Image-caption web data
━━━

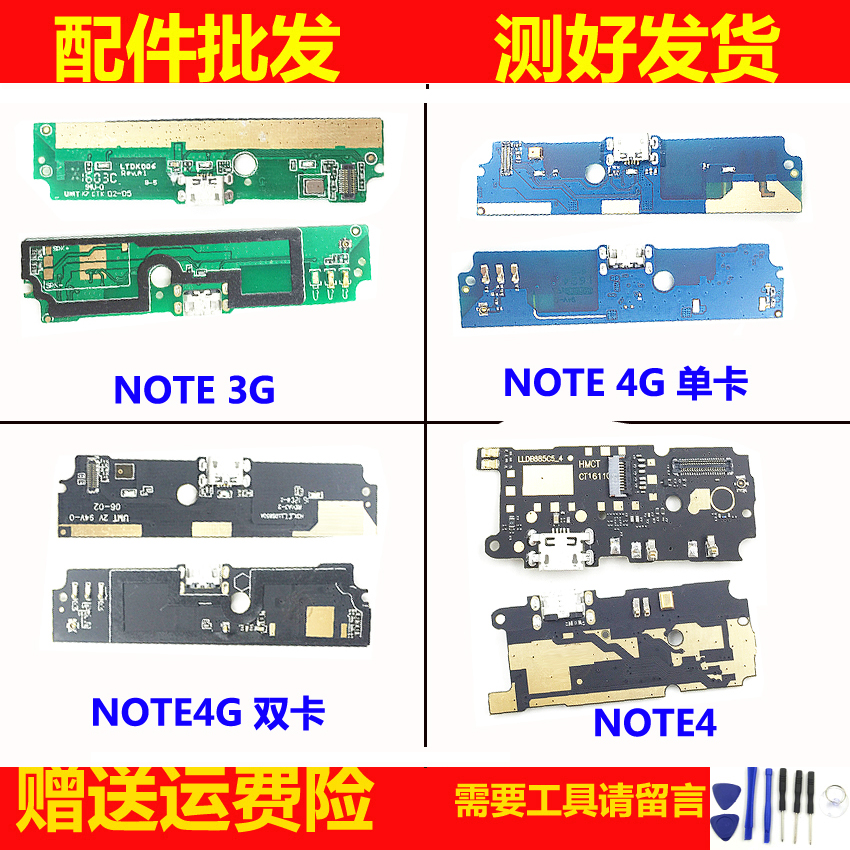 小米充电尾插小板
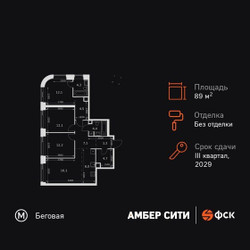 Планировка 4+ комнатной(квартира) площадью 89.2 квадратных метров в ЖК “ЖК Амбер Сити”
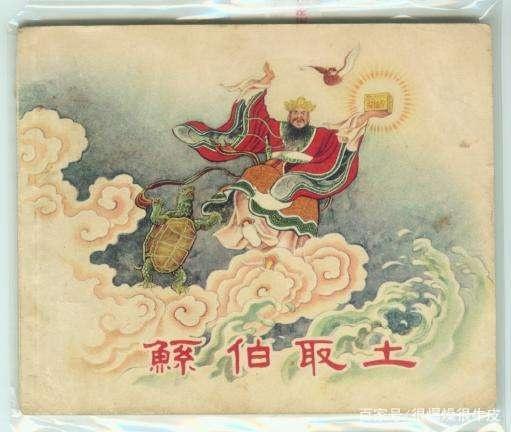 鲧禹治水的好句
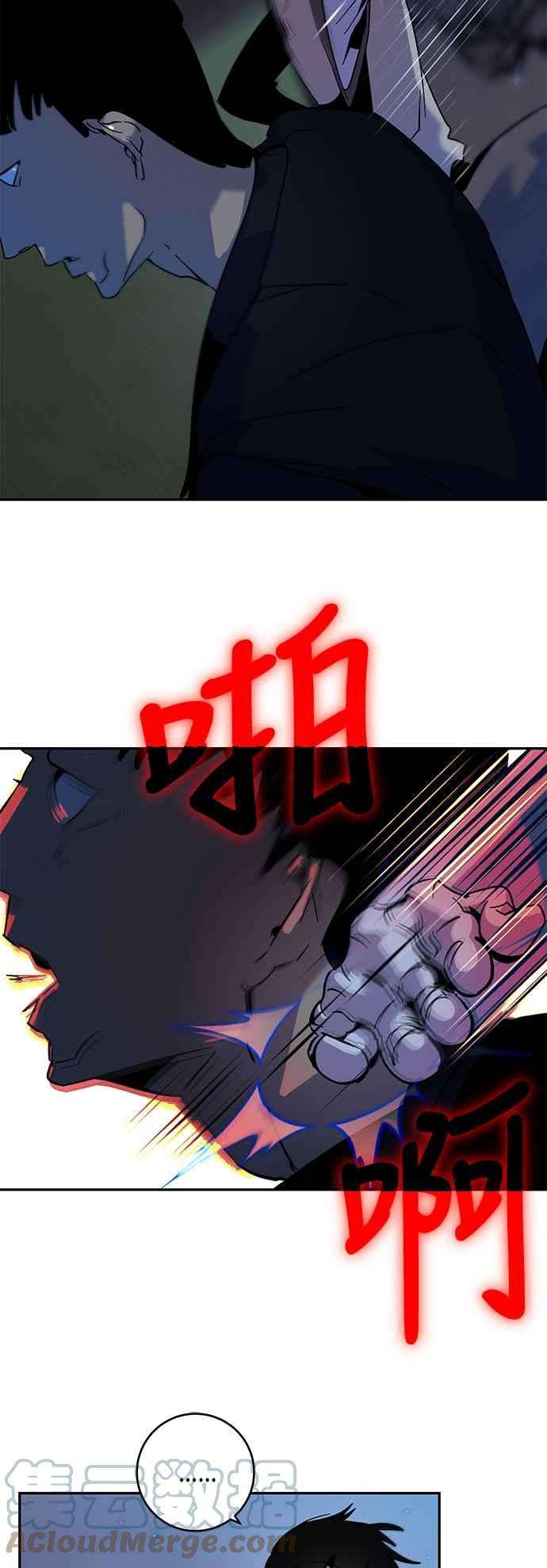 重返玩家：Return to Player第14话游戏的乐趣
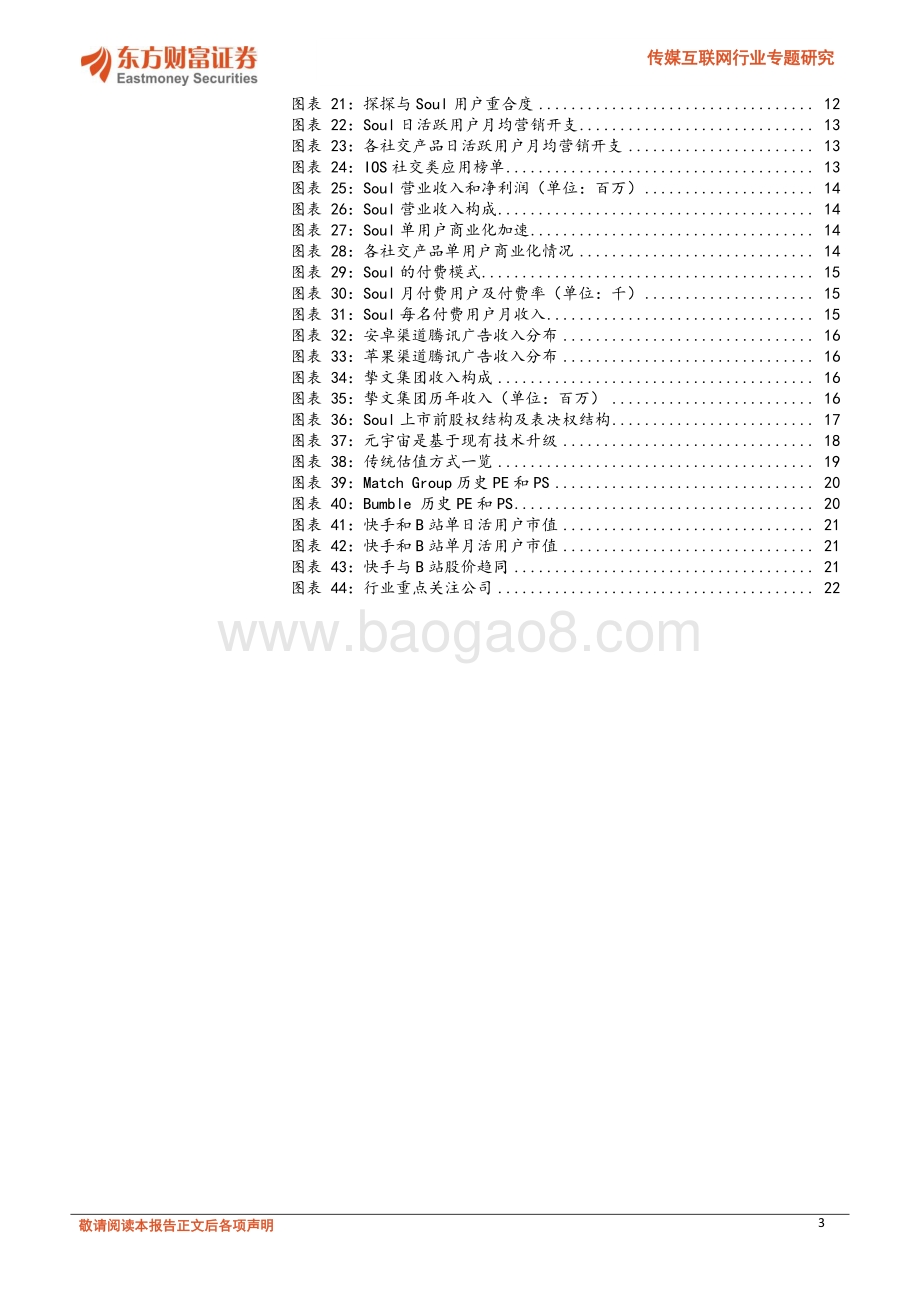 传媒互联网行业专题研究：以Soul的视角看开放式社交的机遇与挑战_23页_1mb.pdf_第3页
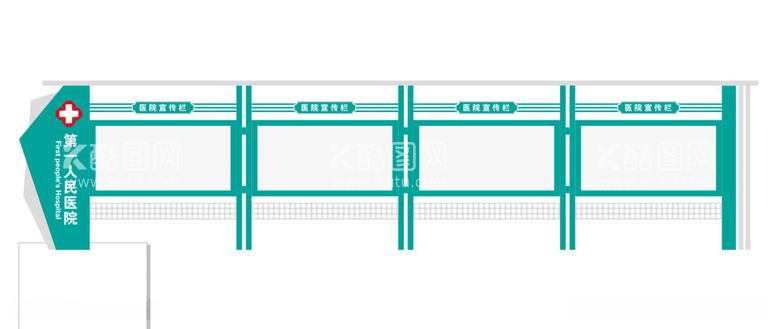 编号：19457812211201365990【酷图网】源文件下载-医院宣传栏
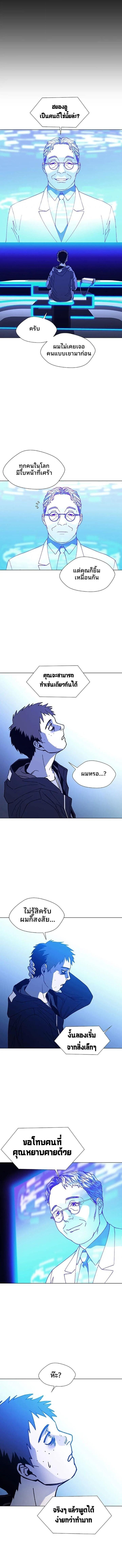 Manga-lc-com อ่านมังงะ อ่านการ์ตูน ออนไลน์ ฟรี If AI Ruled the World ตอนที่ 1 2 3 4 5 6 7 8 9 10 11 12 13 14 ฟรี ไม่มีโฆษณา Manga-lc - อ่าน มังงะ อ่าน การ์ตูน ออนไลน์ อ่านมังงะ ฟรี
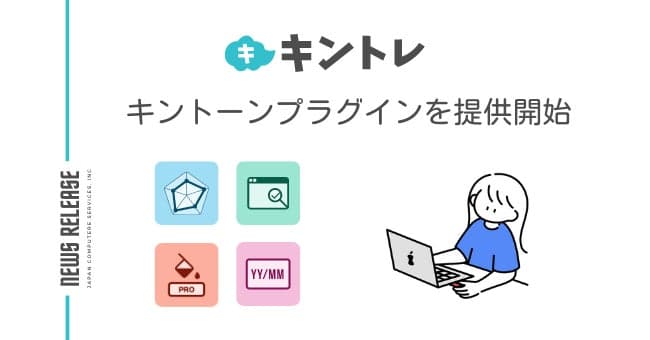 「キントレ」のJCSが、kintone用プラグインの提供をスタート!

━━━

> **TASK PROMPT**:
Only the lines from the one with "重返玩家：Return to Player第14话游戏的乐趣" through the final line of the entries above should be transcribed, exactly and without pictures.

> **TASK SOLUTION**:
 重返玩家：Return to Player第14话游戏的乐趣
 传媒互联网行业专题研究：以Soul的视角看开放式社交的机遇与挑战_23页_1mb.pdf_第3页
 编号：19457812211201365990【酷图网】源文件下载-医院宣传栏
 Manga-lc-com อ่านมังงะ อ่านการ์ตูน ออนไลน์ ฟรี If AI Ruled the World ตอนที่ 1 2 3 4 5 6 7 8 9 10 11 12 13 14 ฟรี ไม่มีโฆษณา Manga-lc - อ่าน มังงะ อ่าน การ์ตูน ออนไลน์ อ่านมังงะ ฟรี
 「キントレ」のJCSが、kintone用プラグインの提供をスタート!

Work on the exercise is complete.